:: SOURCE MATERIAL ::

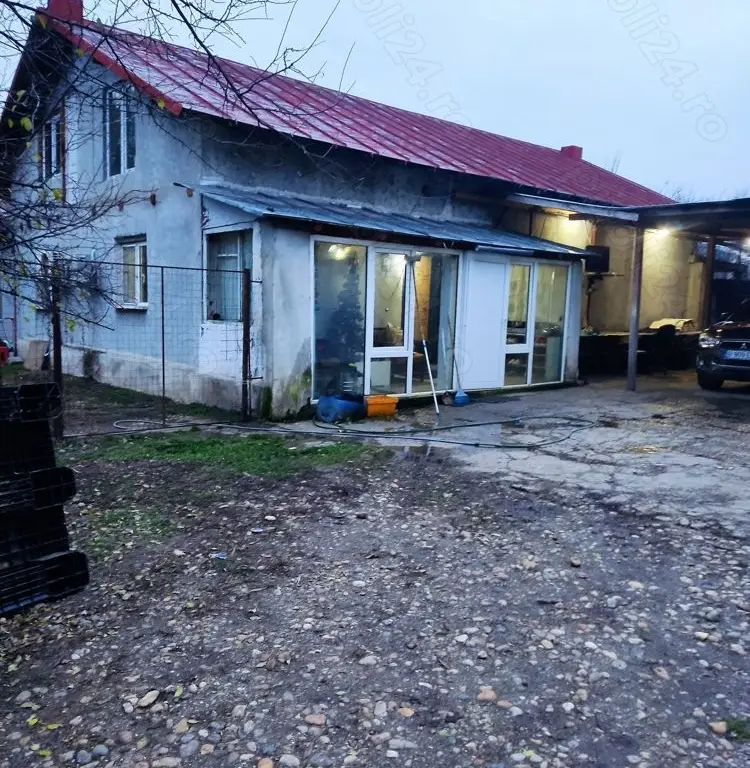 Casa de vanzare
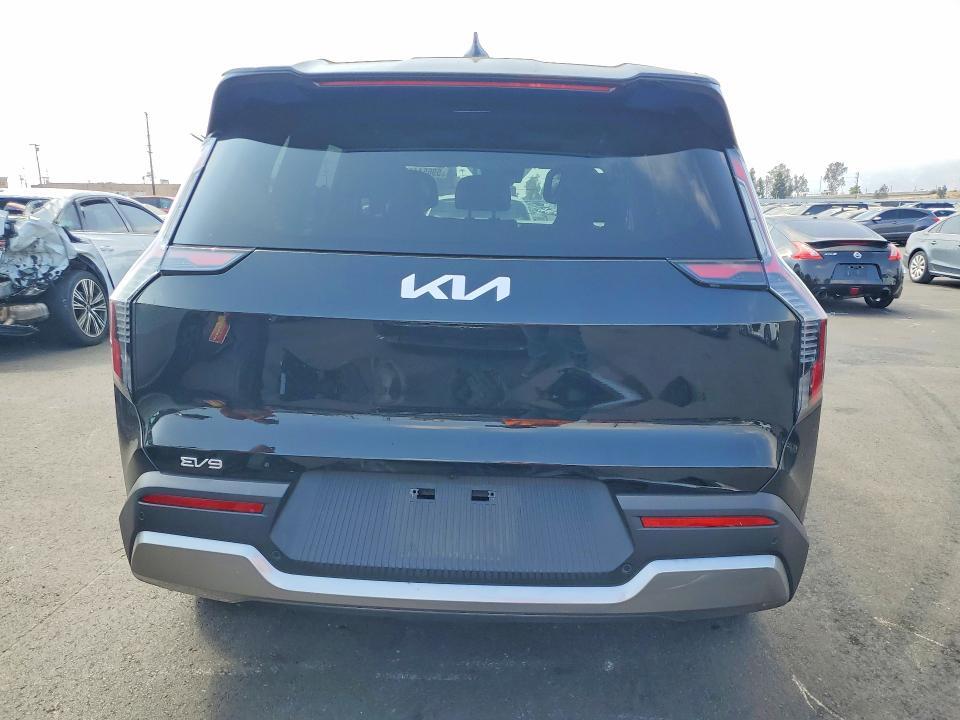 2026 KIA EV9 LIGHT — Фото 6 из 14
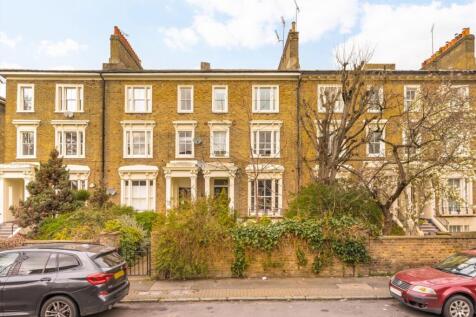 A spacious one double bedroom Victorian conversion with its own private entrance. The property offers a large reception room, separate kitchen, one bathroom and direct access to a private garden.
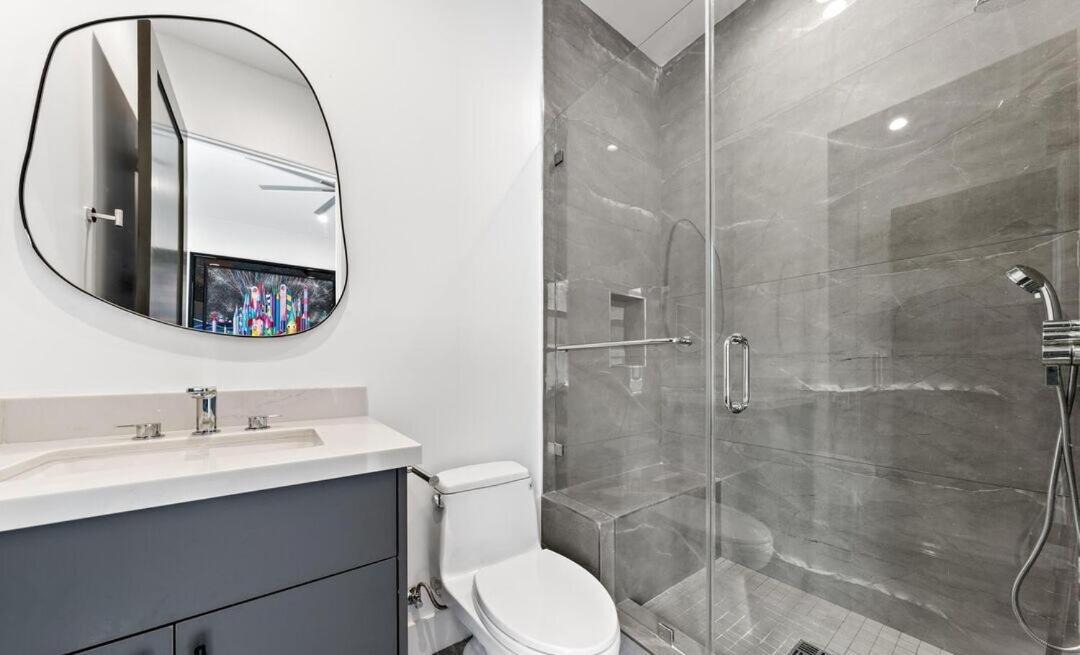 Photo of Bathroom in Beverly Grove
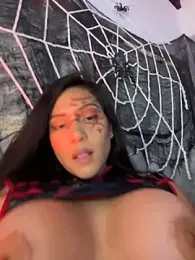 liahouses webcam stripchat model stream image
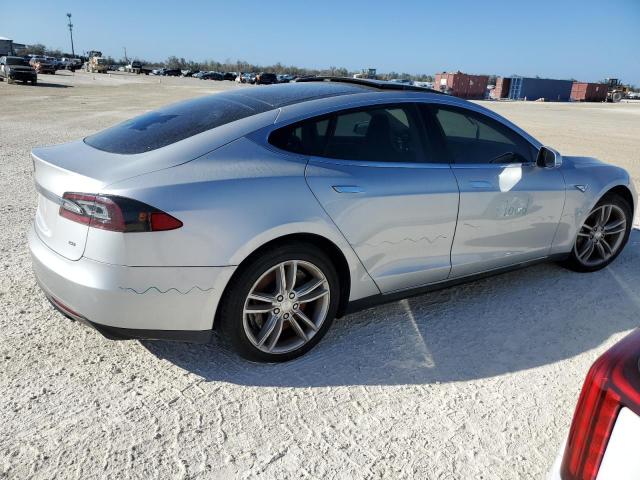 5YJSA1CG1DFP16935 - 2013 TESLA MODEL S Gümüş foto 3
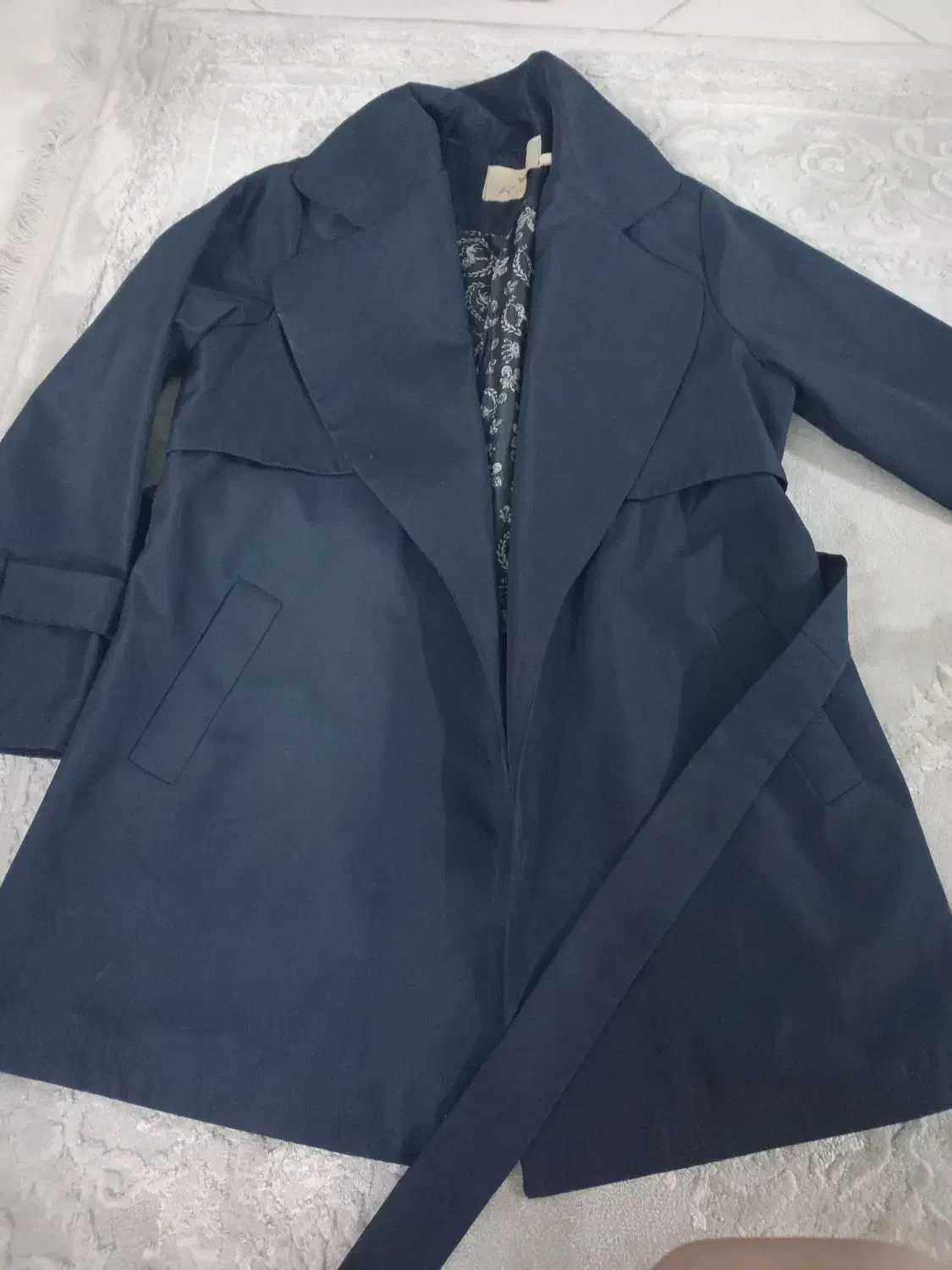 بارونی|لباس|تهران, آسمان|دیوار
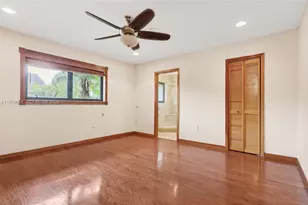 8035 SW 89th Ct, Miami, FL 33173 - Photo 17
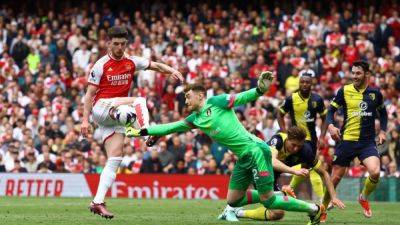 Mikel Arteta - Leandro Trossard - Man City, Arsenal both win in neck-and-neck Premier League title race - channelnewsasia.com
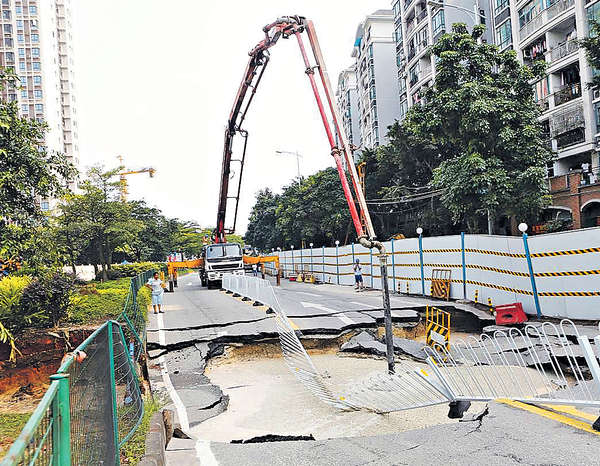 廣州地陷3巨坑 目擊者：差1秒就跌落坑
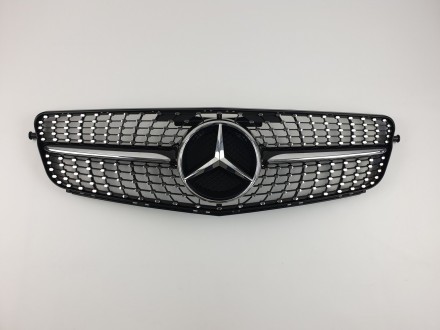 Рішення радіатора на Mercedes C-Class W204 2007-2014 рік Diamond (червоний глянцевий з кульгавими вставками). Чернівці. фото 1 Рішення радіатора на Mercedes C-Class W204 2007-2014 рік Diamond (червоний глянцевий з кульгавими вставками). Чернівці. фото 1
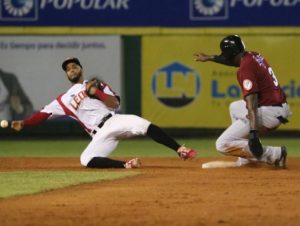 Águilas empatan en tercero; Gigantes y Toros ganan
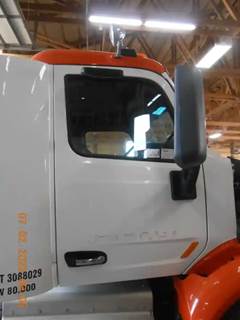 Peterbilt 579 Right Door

:::

→ **EXERCISE OBJECTIVE**
Here the job is to quote the lines from the one with "Águilas empatan en" through the end of the material, both included, exactly; please skip the pictures.

→ **EXERCISE ANSWER**
 Águilas empatan en tercero; Gigantes y Toros ganan
 Peterbilt 579 Right Door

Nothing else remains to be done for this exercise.